For a start-up, the get-big-fast strategy has its place; there are circumstances in which it makes sense. They have recently been defined with admirable clarity by Thomas Eisenmann of the Harvard Business School in two books.[35] The appropriate setting for such a strategy is one in which large up-front investments are required, there is the likelihood of network economics (meaning that the customer prefers one provider to several, usually because when all customers are using the same provider, they can communicate with one another—the most dramatic current example is the preference for a Microsoft operating system by most personal computer users—perhaps some people would say today that customers now have little choice), and where there are not well-established competitors to contest the market. These conditions create a winner-take-all dynamic in which a start-up can be the winner if it can get-big-fast enough.

Incidentally, America Online (AOL) has been another widely watched example of the successful application of a get-big-fast strategy. AOL acquired more than 20 million subscribers by the fall of 2000 after “carpet bombing” the United States for years with disks containing free software for installing AOL.

But in the case of AOL, unlike Amazon, the conditions for a successful use of the strategy are largely met. The business requires large start-up investments (a barrier to entry); it has definite network effects (seen in AOL's Instant Messaging product). And AOL had no well-established competitor—though companies like ADT later tried to contest the space.

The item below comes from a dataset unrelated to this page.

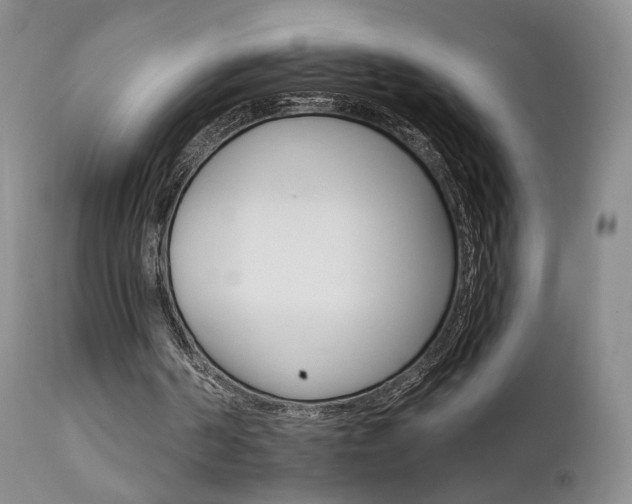 X0000111510194200907141345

A key condition for a successful get-big-fast strategy is that there be few competitors—showing the firm really has a head start on potential rivals. Venture investing's “best known law,” wrote an observer of the venture world, “is 'Market risk is inversely proportional to technical risk…' If the product is easy, presumably others will come up with it and crowd the marketplace.”[36] When investing in dot-coms, venture firms were picking companies with low technical and high market risk. Yet they seemed to ignore the virtual certainty of competitors.

In the bubble period, the supposed advantage of being first in the market came to be labeled a first-mover advantage. But such a situation usually did not exist. For example, four major start-ups, each using a get-big-fast strategy, and each backed by venture funds, contested the pet supply market. Together the firms raised and spent some $400 million in investment capital, each following a get-big-fast strategy. For each company, the get-big-fast strategy was flawed from the start because all the companies tried to do it simultaneously, and thus today all have collapsed. Did they know at the time that each company was pursuing the same strategy? It's hard to believe that they didn't, if they paid any attention to competitors at all. Each venture firm was pushing the get-big-fast strategy on the start-ups in which it had invested, and this fact was being widely discussed in the business media.

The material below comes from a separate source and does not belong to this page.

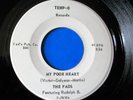 THE FADS  RARE GARAGE WITH RARE PICTURE SLEEVE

To a degree, this is just normal competition. However, in the arena of new technology and start-ups, because the risk to investors is so high, in the past, venture firms have tried to work together to avoid duplication of effort. Venture firms exchanged information about start-ups' proposals and prospects, and tried to select the most promising for support, and often combined into a syndicate to finance the efforts. But during the bubble, such care was abandoned, and venture firms sponsored many competing start-ups in the same market space, their efforts canceling each other's out.

“In the fall of 1999, the senior management team of Petstore.com sat in a conference room with their investment bankers, high above Manhattan. The group was debating whether to raise $40 million to fund an aggressive customer acquisition campaign. Just then, a biplane passed close by their conference room window, towing a banner that read, 'PETS.COM—SAVE 50% ON DOG FOOD.' That fly-by ended any debate over the need for a bigger marketing budget.”[37] The company determined to raise the money.

Experiences like this were apparently repeated hundreds of times for entrepreneurs. In part it was because venture firms had lots of money to invest and wanted to get it out quickly, and because investment banks were finding it easy to raise money for dot-com companies. In part it was because the experience of Amazon.com had convinced the financial community that the old rules didn't apply. But in part it was simply a race to the IPO.

Professor Eisenmann has done a statistical analysis (thus far unpublished) for publicly held dot-coms and telecom companies of their business models versus quarterly changes in the stock price. He found that the capital markets were nondiscriminating in what they were prepared to buy, so that the get-big-fast strategy was not rewarded in the financial market.

Why then did venture firms and bankers so often choose the get-big-fast strategy for start-ups, especially when the conditions to make it successful were so often absent? The answer is that venture firms and bankers were pressing entrepreneurs to get-big-fast so that the firms could be launched as quickly as possible onto the IPO market. Gone was the venture firms' traditional concern for building a viable business; gone was the bankers' traditional concern for being sure that viable businesses were offered to the public. The goal was to create paper and move it onto the public market as fast as possible, and the entrepreneur had to cooperate by ramping up his or her firm as quickly as possible.

The result was that many firms were condemned to failure from the outset by virtue of a mistaken strategy. This need not have happened. Many firms were potentially viable if allowed a different business strategy than get-big-fast. But financial backers demanded this single strategy, and the result was a disaster both for the entrepreneurs and their public investors when the companies failed.